- **WHAT THE EXERCISE ASKS**
Return, with both end lines included, exactly what the data below holds from the line with "Max Kless (@maxkless) Twitter profile photo Max" through the line with "Falda 36 Tara Jarmon", though not the pictures.

- **MATERIAL PROVIDED**
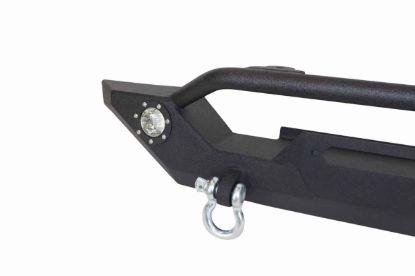 Picture of Fishbone Offroad Bumper - FB22016
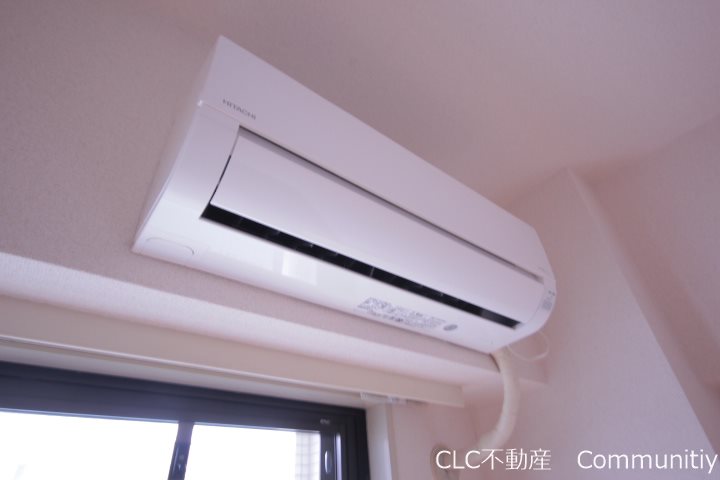 つくば５号館 その他3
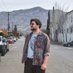 Max Kless (@maxkless) Twitter profile photo Max Kless (@maxkless) Twitter profile photo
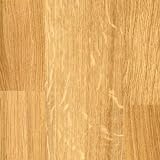 Bruce American Home Provincial Oak Blonde Laminate Flooring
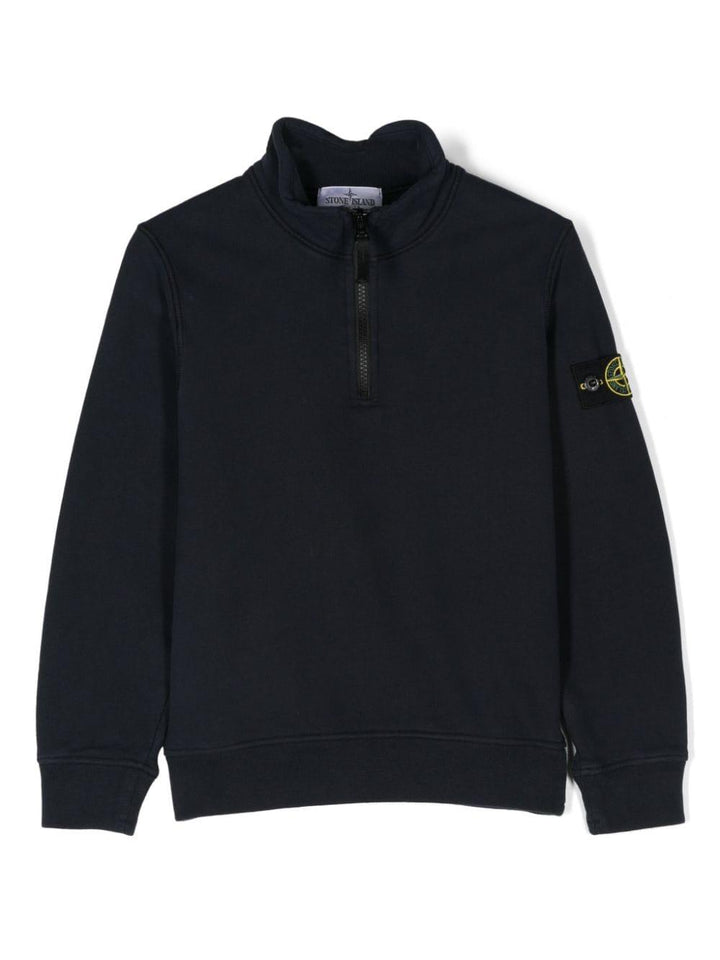 Stone Island Kids 811661020V0020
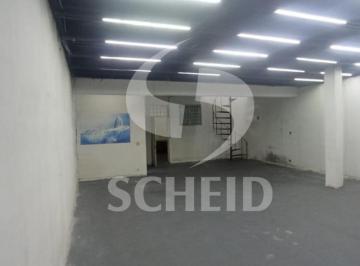 Comercial · 650m² · 10 Vagas · ÓTIMO IMOVEL COMERCIAL 3 ANDARES COM 650 M² DE CONSTRUÇÃO COM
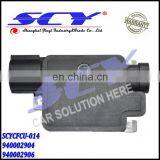 Cooling Fan Control Unit Fits 05-10 Alfa Romeo 940002904 940002906 940004702 940004701 940007403 940009301 940013003 94000290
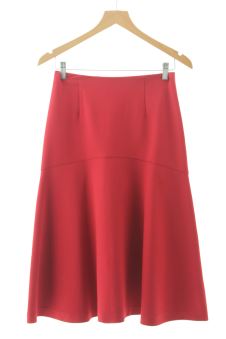 Falda 36 Tara Jarmon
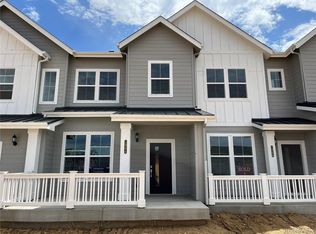 1964 S Gold Bug Way, Aurora, CO 80018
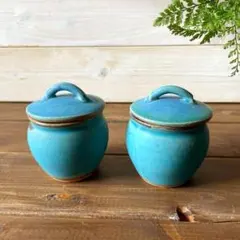 2025年最新】甕 蓋の人気アイテム - メルカリ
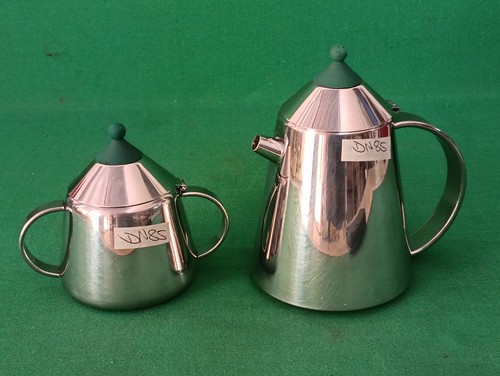 Caffettiera servire con - servire,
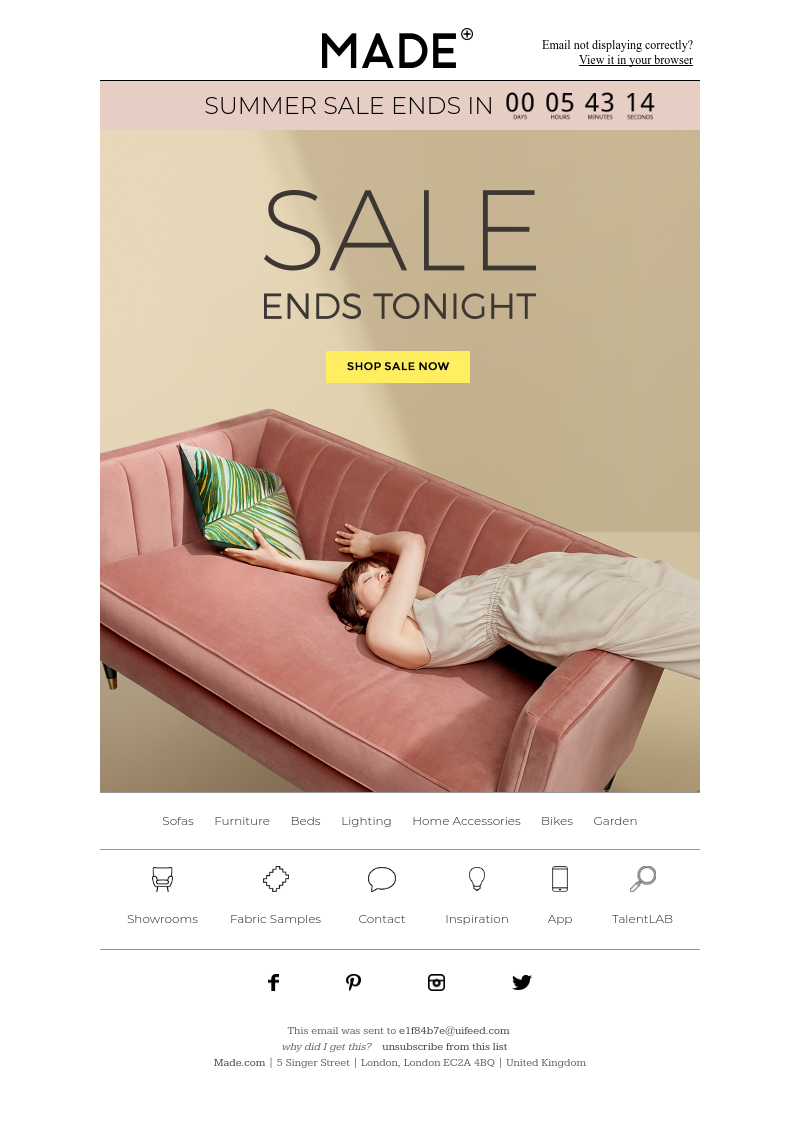 Screenshot of email with subject /media/emails/1e783d57-4d41-4d8b-bdbe-809ceb5a43cc.png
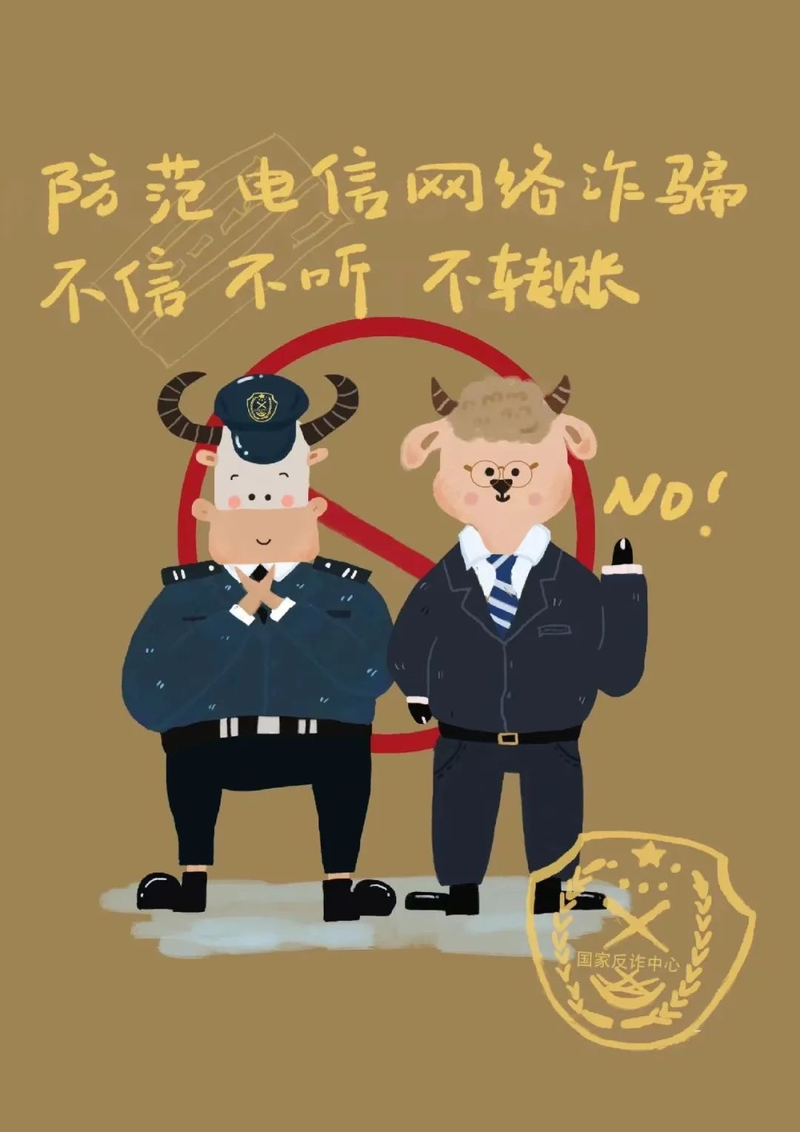 3_结果.png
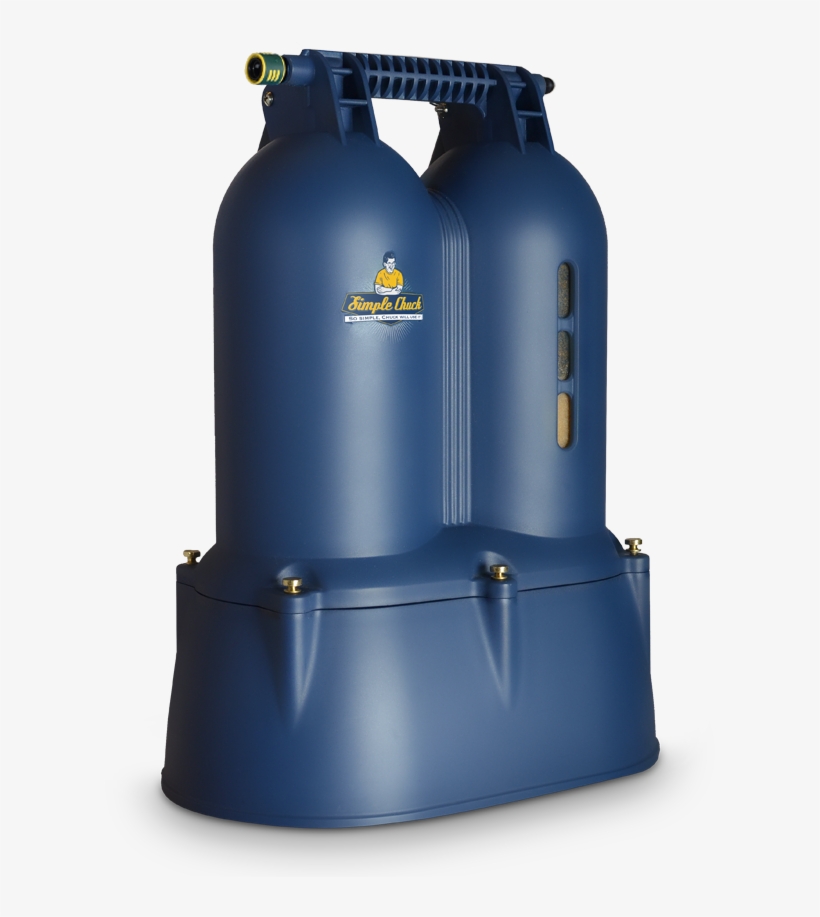 Ordering Replacement - Backpack, transparent png download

- **EXERCISE SOLUTION**
 Max Kless (@maxkless) Twitter profile photo Max Kless (@maxkless) Twitter profile photo
 Bruce American Home Provincial Oak Blonde Laminate Flooring
 Stone Island Kids 811661020V0020
 Comercial · 650m² · 10 Vagas · ÓTIMO IMOVEL COMERCIAL 3 ANDARES COM 650 M² DE CONSTRUÇÃO COM
 Cooling Fan Control Unit Fits 05-10 Alfa Romeo 940002904 940002906 940004702 940004701 940007403 940009301 940013003 94000290
 Falda 36 Tara Jarmon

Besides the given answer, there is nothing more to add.